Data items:
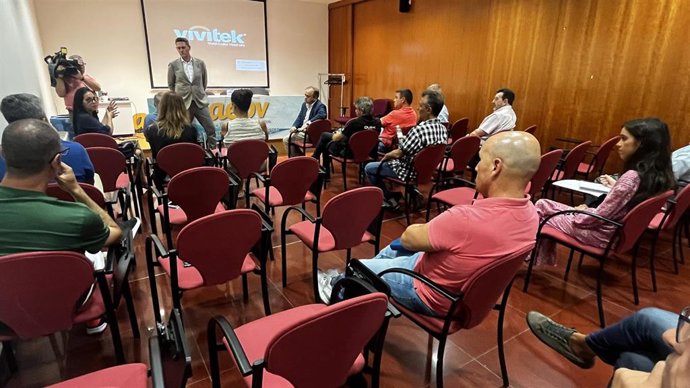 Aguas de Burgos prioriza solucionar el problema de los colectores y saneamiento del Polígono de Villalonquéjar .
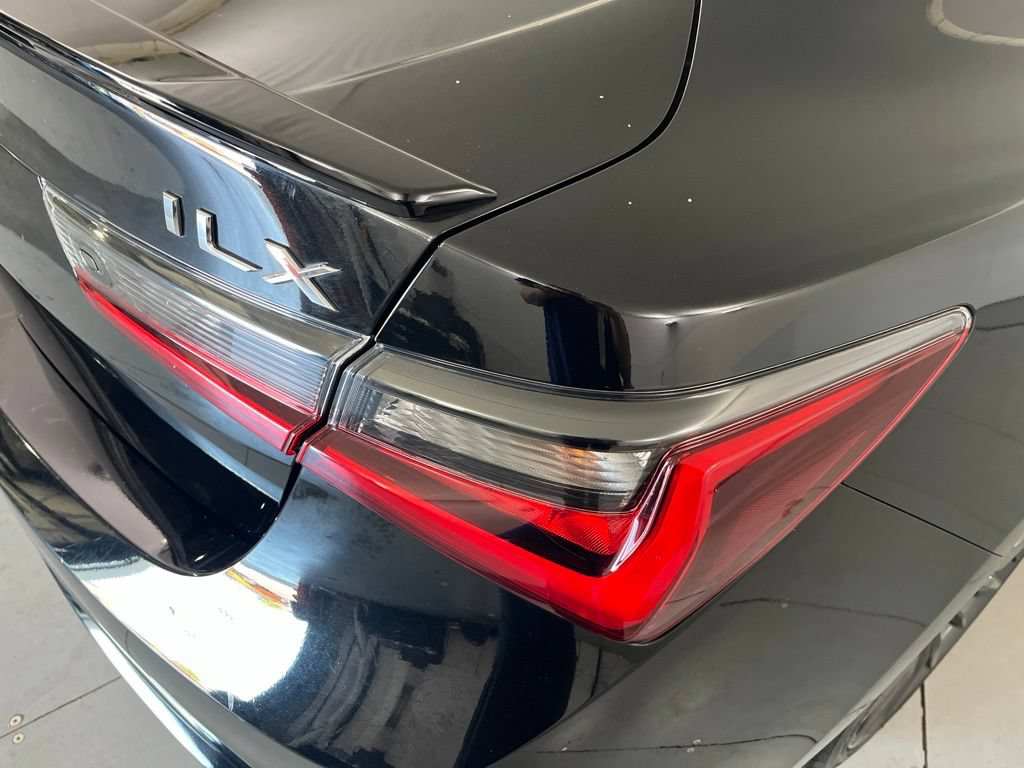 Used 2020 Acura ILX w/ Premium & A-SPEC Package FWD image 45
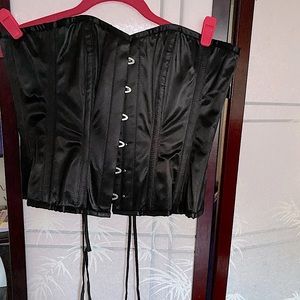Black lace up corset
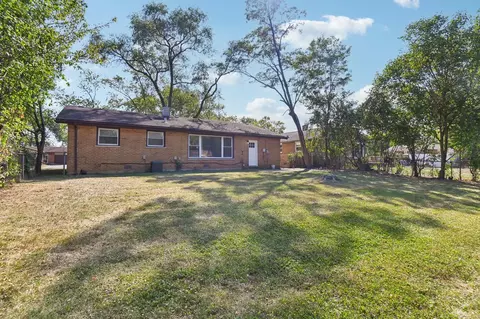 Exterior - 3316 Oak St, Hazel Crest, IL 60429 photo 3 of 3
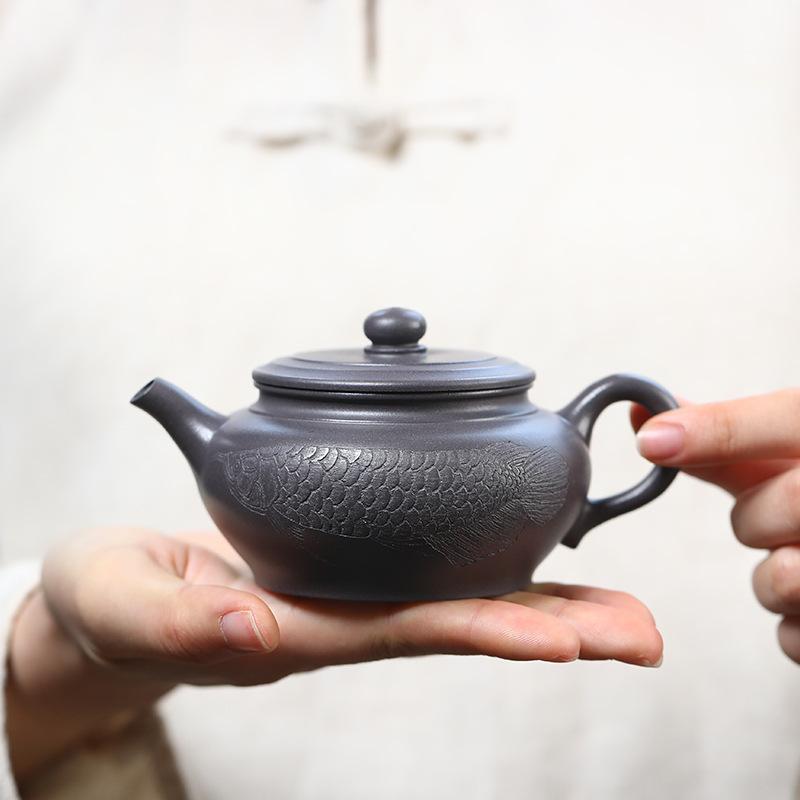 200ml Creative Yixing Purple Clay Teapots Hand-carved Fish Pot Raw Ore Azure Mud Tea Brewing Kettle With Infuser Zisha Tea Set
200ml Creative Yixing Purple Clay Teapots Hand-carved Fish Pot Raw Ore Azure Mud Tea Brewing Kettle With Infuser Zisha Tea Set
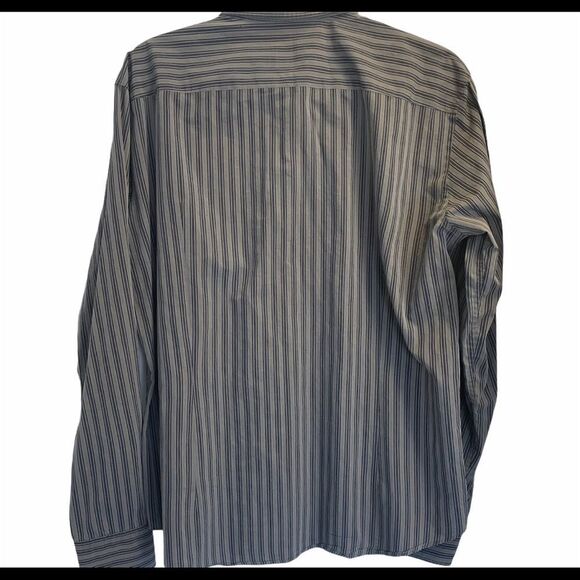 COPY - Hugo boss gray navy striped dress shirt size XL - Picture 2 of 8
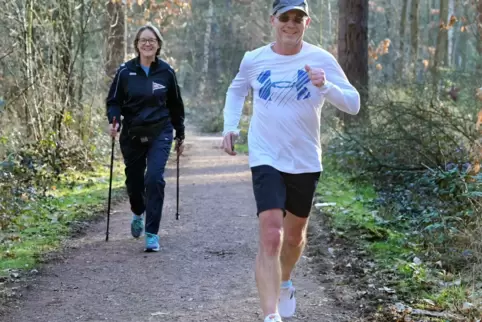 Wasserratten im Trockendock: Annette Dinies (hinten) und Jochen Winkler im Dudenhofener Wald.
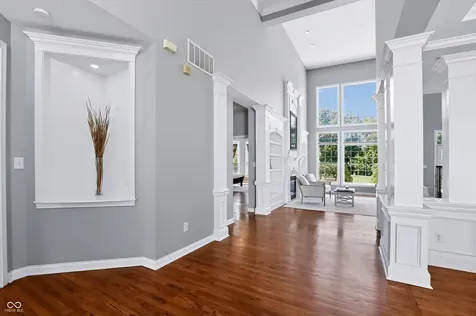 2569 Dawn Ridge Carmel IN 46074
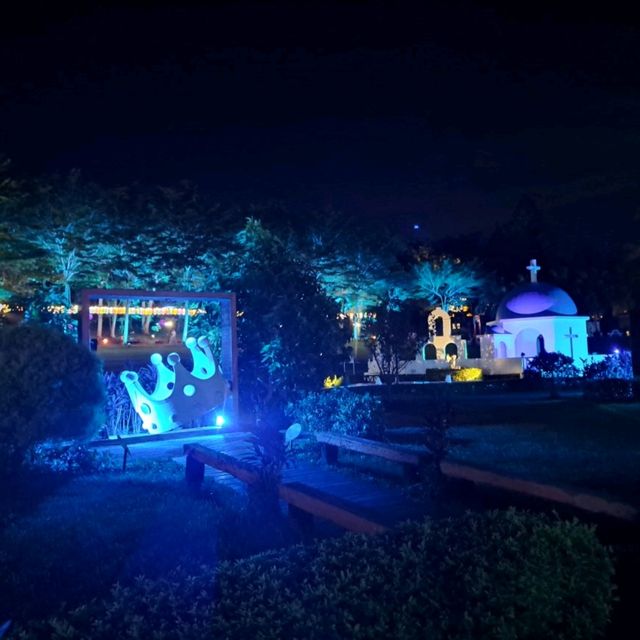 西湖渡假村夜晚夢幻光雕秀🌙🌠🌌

## Your objective
Find the line that contains "Exterior - 3316", then write out that line and each one after it, exactly and with nothing else, through the end of the entries above, without the pictures.

## Answer box
 Exterior - 3316 Oak St, Hazel Crest, IL 60429 photo 3 of 3
 200ml Creative Yixing Purple Clay Teapots Hand-carved Fish Pot Raw Ore Azure Mud Tea Brewing Kettle With Infuser Zisha Tea Set
200ml Creative Yixing Purple Clay Teapots Hand-carved Fish Pot Raw Ore Azure Mud Tea Brewing Kettle With Infuser Zisha Tea Set
 COPY - Hugo boss gray navy striped dress shirt size XL - Picture 2 of 8
 Wasserratten im Trockendock: Annette Dinies (hinten) und Jochen Winkler im Dudenhofener Wald.
 2569 Dawn Ridge Carmel IN 46074
 西湖渡假村夜晚夢幻光雕秀🌙🌠🌌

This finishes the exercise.